Si hubiera que recluir en ámbitos geográficos a esos dos bandos estaría claro que el relato oficial de la España del futuro estaba copado por Barcelona y Sevilla -y por Madrid, por inducción administrativa-, mientras que Valencia era como esos jóvenes sintiéndose fuera de lugar.
Evidentemente toda esa tensión entre realidad y representación tuvo consecuencias. Hubo que verlas unos años más tarde. Pero un agravio territorial ya había prendido. No tenía que ver con cuestiones identitarias, sino con un encaje fallido en el modelo: el sentimiento de quien se queda fuera de la fiesta.
El exdirigente de Unió Valenciana -luego integrante del PP local, tras la fagoticación del partido regionalista- mostró con tremenda crudeza el sentimiento con el que su partido aprovechó aquella época. Dijo en 2007: "Yo recuerdo hasta finales de los noventa una Comunitat acomplejada mirase a donde mirase: todo lo importante ocurría siempre lejos de Valencia (Expo Sevilla, Olimpiadas de Barcelona, etc.) (...) Entonces considerábamos a nuestros vecinos mejores y más preparados que nosotros y lo más grave es que teníamos para ello argumentos derivados de una desidia histórica y de unos políticos alicortos y acomodaticios, sin fuerza en los centros de decisión.
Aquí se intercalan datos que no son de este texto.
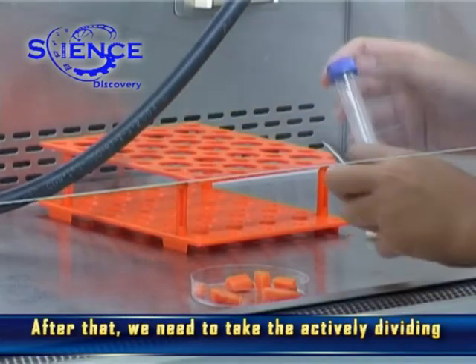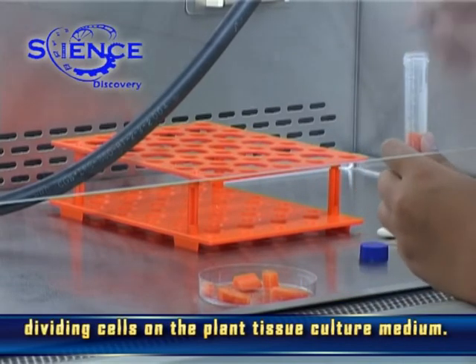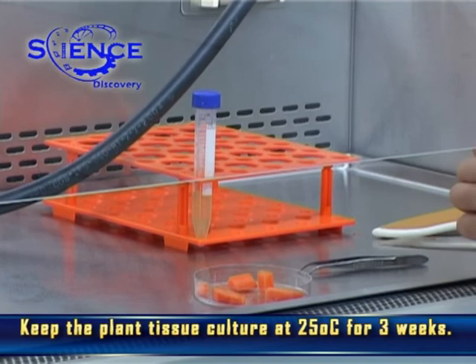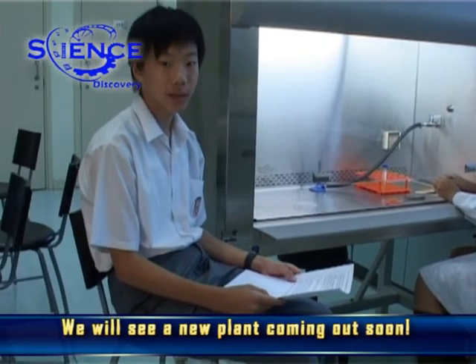After that, we need to take the actively dividing cells as the explant, and then put the actively dividing cells on the plant tissue culture medium. Keep the plant tissue culture at 25 degrees Celsius for three weeks. We will see a new plant coming out soon.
Hoy, tras doce años de gobierno del Partido Popular, los envidiados somos nosotros, nos hemos convertido en referencia para el resto de España, y en Europa saben de nuestro buen hacer en toda la aldea global".
También desde el fútbol -habitual canario en la mina de la sociedad- el entonces mandamás del Valencia, Paco Roig, trazaba la forma creciente del agravio: "En Valencia no nos han hecho la autovía, no nos ayudan a ampliar el campo de Mestalla, no nos dan Juegos Olímpicos... Alguien deberá decir lo del himno, Valencians en peu alcem-se: aquí todo el mundo se queda sentado y al que se levanta le cortan el cuello", respondía en 1997 en una entrevista legendaria al periódico Levante.
Era la resaca de una fiesta en la que España había ensayado su modernidad. Una rave a la que, insólitamente, Valencia no había sido invitada. Al contrario, era la señalada como origen del miedo y la insatisfacción. Comenzaban los años del agravio.
España lleva desde 1992 preguntándose si un crimen puede cambiar una sociedad, lo cual contesta la pregunta. No puede hacerlo cualquier crimen, pero sí uno que reúna una serie de condicionantes críticos. Y la desaparición de Miriam, Toñi y Desirée, la noche del viernes del 13 de noviembre de 1992, cuando se encaminaban a una fiesta en Picassent, fue ese aglutinador que cambió el ritmo a un país.